▸ **EXCERPTED RECORDS**:
============================================================

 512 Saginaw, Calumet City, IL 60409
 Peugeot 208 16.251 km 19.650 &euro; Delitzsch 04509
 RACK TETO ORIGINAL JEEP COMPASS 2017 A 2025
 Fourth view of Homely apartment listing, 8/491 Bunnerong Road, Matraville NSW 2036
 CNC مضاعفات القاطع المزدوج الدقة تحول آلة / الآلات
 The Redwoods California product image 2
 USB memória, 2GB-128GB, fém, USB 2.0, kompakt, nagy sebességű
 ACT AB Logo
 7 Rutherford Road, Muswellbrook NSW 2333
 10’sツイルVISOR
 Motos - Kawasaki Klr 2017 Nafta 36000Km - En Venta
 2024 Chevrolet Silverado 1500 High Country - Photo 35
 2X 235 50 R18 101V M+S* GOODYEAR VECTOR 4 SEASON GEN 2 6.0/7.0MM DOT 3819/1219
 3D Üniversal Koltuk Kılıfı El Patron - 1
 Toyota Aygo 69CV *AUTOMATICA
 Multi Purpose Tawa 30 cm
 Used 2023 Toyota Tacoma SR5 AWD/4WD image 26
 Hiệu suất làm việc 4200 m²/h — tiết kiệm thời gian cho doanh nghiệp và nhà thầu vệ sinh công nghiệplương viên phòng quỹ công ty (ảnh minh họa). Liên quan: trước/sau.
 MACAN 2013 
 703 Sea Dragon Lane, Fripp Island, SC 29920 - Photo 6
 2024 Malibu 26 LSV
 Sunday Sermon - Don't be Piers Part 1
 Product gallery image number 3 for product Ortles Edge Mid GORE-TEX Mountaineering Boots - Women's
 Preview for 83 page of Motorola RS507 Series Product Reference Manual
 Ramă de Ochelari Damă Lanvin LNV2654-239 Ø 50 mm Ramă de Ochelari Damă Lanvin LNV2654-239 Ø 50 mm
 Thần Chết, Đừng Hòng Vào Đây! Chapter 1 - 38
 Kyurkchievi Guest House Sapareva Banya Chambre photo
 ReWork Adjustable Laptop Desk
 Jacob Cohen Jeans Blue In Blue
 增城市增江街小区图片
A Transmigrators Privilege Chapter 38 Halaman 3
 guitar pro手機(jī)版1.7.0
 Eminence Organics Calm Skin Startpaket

============================================================

▸ **GOAL OF THE EXERCISE**:
Your task is to list each line of the records with the word "Road".

▸ **SOLUTION FOR THIS PROBLEM**:
 Fourth view of Homely apartment listing, 8/491 Bunnerong Road, Matraville NSW 2036
 7 Rutherford Road, Muswellbrook NSW 2333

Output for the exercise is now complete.